__THE DATA__:
........

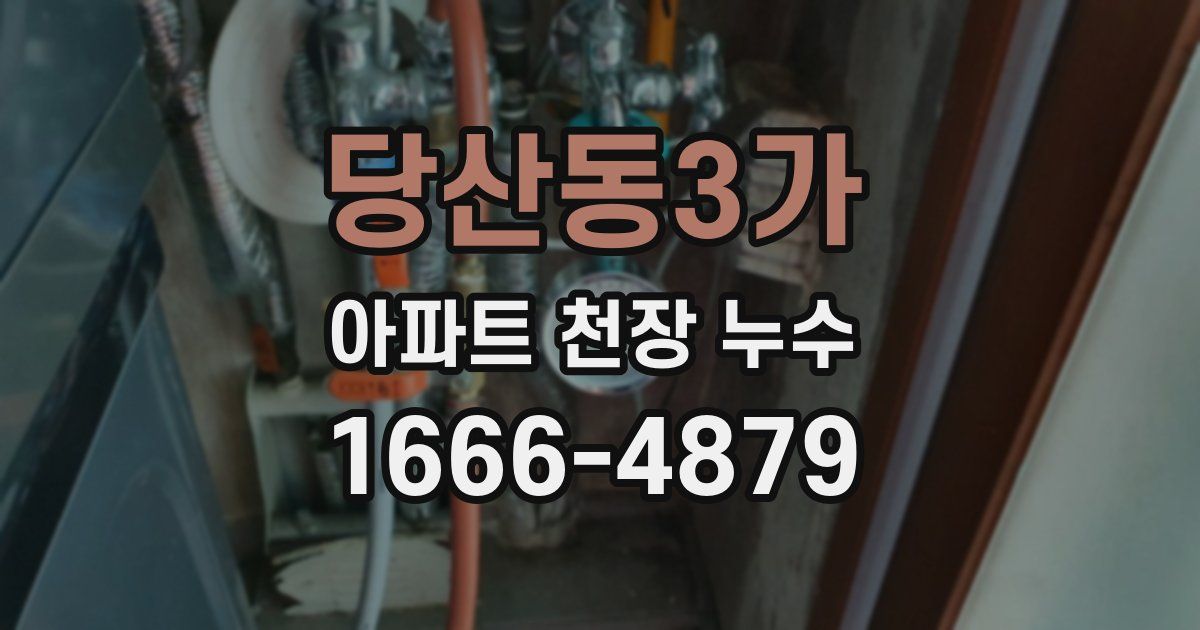 당산동3가 아파트 천장 누수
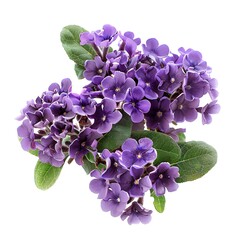 Photo of Heliotrope, Isolate on white background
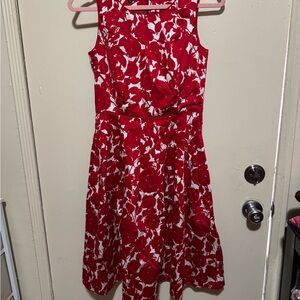 Talbots Vibrant Red and White Dress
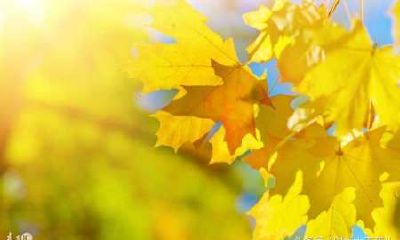 属虎7月出生是什么星座（八六年属虎的是什么命）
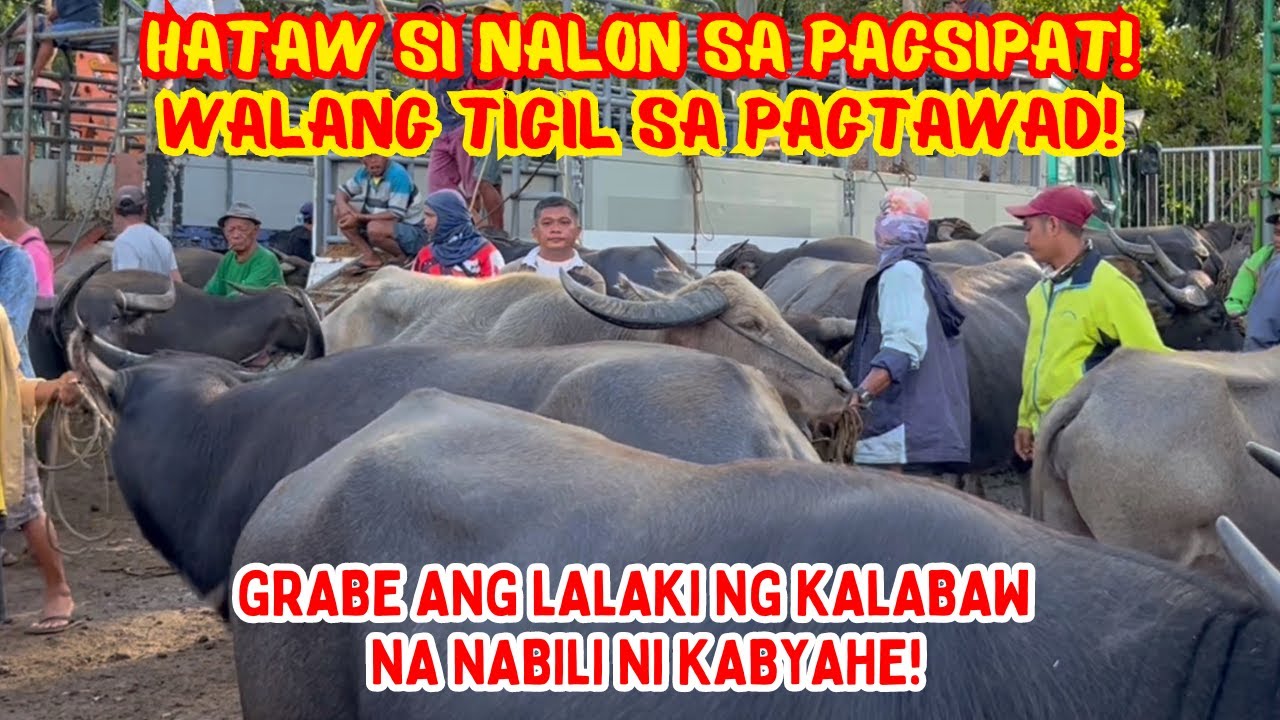 HATAW SI NALON SA PAGSIPAT! WALANG TIGIL SA PAGTAWAD! GRABE ANG LALAKI NG KALABAW, NABILI NI KABYAHE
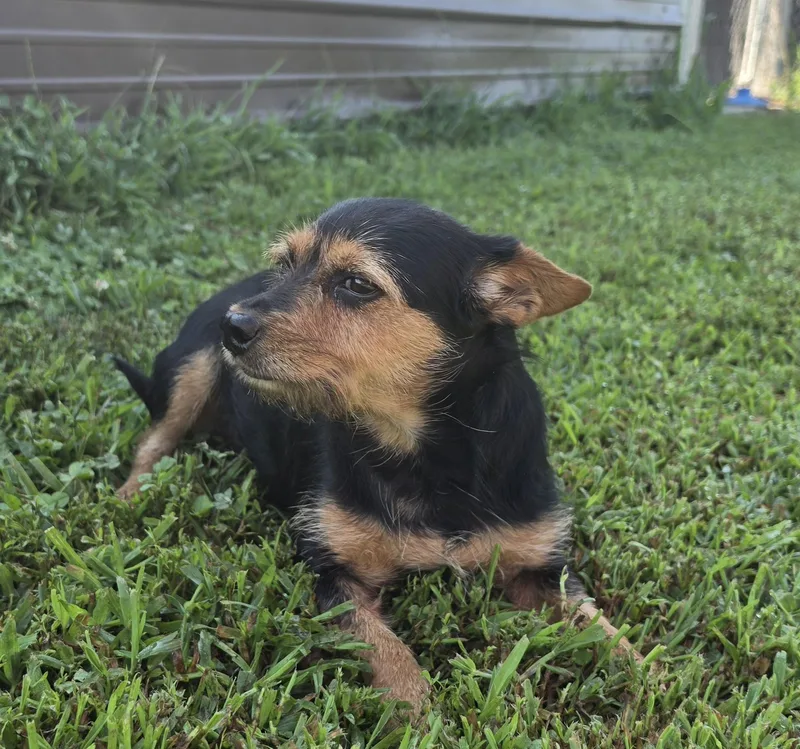 Roxie thumbnail 3
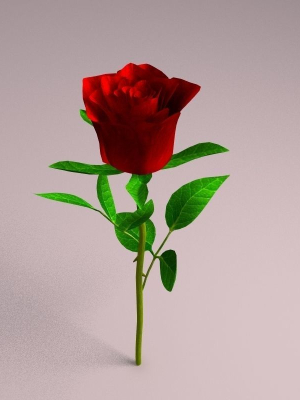 realistic-rose-3d-model-obj-fbx-c4d-lwo-lw-lws-ma-mb-mtl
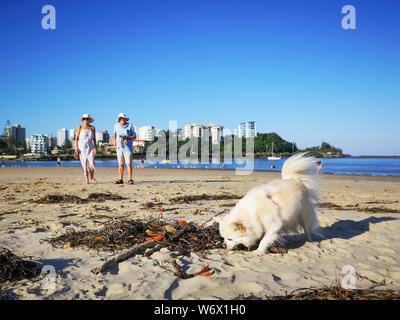 Coolangatta, Australia: Marzo, 2019: irresponsabile proprietari del cane consentendo loro cani di defecare sulla spiaggia. I cani non sono ammessi sulle spiagge popolari. Foto Stock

........

__WHAT TO WORK ON__:
Nothing but the lines from the one with "realistic-rose-3d-model-obj-fbx-c4d-lwo-lw-lws-ma-mb-mtl" through the last line of the records should appear in your answer, each exactly as written and without pictures.

__WORKED SOLUTION__:
 realistic-rose-3d-model-obj-fbx-c4d-lwo-lw-lws-ma-mb-mtl
 Coolangatta, Australia: Marzo, 2019: irresponsabile proprietari del cane consentendo loro cani di defecare sulla spiaggia. I cani non sono ammessi sulle spiagge popolari. Foto Stock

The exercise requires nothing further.